Il semble qu'on puisse attendre une réponse positive ; en effet, si l'on sait que les personnes physiques et morales de droit privé ne sont pas concernées dans leurs rapports par les règles posées par la Convention et pas responsables à ce titre devant les organes de celle-ci, que la plupart des entreprises audiovisuelles et de presse sont dans les pays européens des personnes morales de droit privé, il n'en reste pas moins que l'Etat peut voir mise en cause sa responsabilité si ses organes sont à l'origine de la campagne de presse ; de même, les Etats étant débiteurs d'obligations positives au sens de la Convention, il peut leur être reproché de ne pas avoir pris de dispositions pour éviter les violations dont se seraient rendus responsables les médias.
L'arrêt Allenet de Ribemont c. France intervient à point nommé pour apporter quelques éléments de réflexion supplémentaires dans le débat actuel (mais récurrent) qui agite la France sur les thèmes du secret et de l'information sur les affaires pénales.
Il démontre un souci particulier du respect de la présomption d'innocence alors que nos débats internes et propositions de réformes législatives qui portent sur un même point, l'information du public, sont essentiellement orientés sur le secret de l'enquête et de l'instruction.
L'opinion dissidente du juge Mifsud Bonnici pose le problème de l'effectivité du droit à la présomption d'innocence dans des termes qui doivent faire réfléchir sur l'impact réel des perfectionnements législatifs récents : l'art. 9-1 du Code civil, les ajouts à la loi de 1881 sur la liberté de la presse, les articles 177-1 et 212-1 du Code de procédure pénale qui permettent au juge civil d'ordonner des insertions dans les publications présentant comme coupable la personne qui fait l'objet d'une procédure pénale, instituent une sorte de droit de réponse différé, ou permettent au juge de faire connaître sa décision de non-lieu, ne font-ils que permettre une réparation de l'outrage une fois que le procès a révélé l'inanité des accusations ou garantissent-ils des "droits concrets et effectifs, et non théoriques et illusoires" ?

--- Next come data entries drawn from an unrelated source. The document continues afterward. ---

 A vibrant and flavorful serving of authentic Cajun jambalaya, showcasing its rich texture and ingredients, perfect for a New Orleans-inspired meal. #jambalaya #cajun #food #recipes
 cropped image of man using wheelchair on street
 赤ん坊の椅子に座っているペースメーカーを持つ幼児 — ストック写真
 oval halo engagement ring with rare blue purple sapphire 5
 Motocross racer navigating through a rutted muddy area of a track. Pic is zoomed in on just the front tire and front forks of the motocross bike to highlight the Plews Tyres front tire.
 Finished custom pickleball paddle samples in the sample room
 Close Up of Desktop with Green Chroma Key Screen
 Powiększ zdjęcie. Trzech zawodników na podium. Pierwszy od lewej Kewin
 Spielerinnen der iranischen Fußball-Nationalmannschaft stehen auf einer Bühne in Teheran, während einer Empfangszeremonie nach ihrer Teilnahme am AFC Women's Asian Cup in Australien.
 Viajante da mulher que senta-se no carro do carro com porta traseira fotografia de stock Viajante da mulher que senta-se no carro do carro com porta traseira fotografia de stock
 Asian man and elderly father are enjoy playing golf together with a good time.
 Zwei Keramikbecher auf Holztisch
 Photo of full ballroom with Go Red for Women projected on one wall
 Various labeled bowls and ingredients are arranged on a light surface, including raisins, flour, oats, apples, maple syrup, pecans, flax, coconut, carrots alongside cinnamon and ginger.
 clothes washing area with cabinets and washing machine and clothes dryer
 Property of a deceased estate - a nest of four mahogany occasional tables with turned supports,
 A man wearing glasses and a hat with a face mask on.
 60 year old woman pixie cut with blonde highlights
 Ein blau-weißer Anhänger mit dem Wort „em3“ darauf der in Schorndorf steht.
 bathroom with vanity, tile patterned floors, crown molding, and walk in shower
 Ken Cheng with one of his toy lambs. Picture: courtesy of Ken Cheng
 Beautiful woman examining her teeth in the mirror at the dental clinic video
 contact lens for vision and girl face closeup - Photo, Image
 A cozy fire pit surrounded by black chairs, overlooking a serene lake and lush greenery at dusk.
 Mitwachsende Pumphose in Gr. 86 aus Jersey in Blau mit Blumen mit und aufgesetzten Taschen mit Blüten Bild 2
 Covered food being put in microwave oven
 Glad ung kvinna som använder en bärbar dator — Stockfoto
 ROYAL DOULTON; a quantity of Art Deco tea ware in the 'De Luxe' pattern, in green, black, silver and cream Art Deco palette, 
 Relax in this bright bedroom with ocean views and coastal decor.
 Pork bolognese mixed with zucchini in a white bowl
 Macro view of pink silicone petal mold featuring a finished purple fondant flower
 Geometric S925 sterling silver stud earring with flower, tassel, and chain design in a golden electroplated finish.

Les mesures envisagées, et qui semblent en l'état bénéficier d'un certain consensus telles que l'institution des "porte-parole" des juridictions, n'apparaissent pas être sans risques : ceux-ci semblent bien aptes à constituer les "autres autorités de l'Etat" auxquelles on pourra reprocher des violations de l'art. 6 par. 2 pour peu qu'ils ne puissent, face aux pressions et provocations, parvenir à modérer suffisamment leur parole ; le lieu d'où parviendra celle-ci, de par la confiance qu'elle inspire pouvant constituer une circonstance aggravante de la violation.
Les faits mêmes, objets de l'instance devant la Cour amènent à se poser la question de l'utilité de l'art. 11 du Code de procédure pénale qui est en fait le rappel, sous une forme différente, du secret professionnel : on ne peut sans ironie constater que dans cette affaire, comme dans bien d'autres, les mêmes autorités ont une vocation juridique à participer aux poursuites judiciaires et disciplinaires intentées contre ceux qui violent le secret et une vocation fonctionnelle, on serait tenté de dire naturelle, bien plus forte à le trahir.
Les termes employés par les rédacteurs de l'arrêt, et notamment l'accent mis sur la nécessité de la " nuance et de la réserve", amènent à se demander si le respect de la présomption d'innocence peut exister autrement que grâce à un comportement inspiré non de la crainte des foudres de la loi mais plutôt de considérations relevant de l'éthique.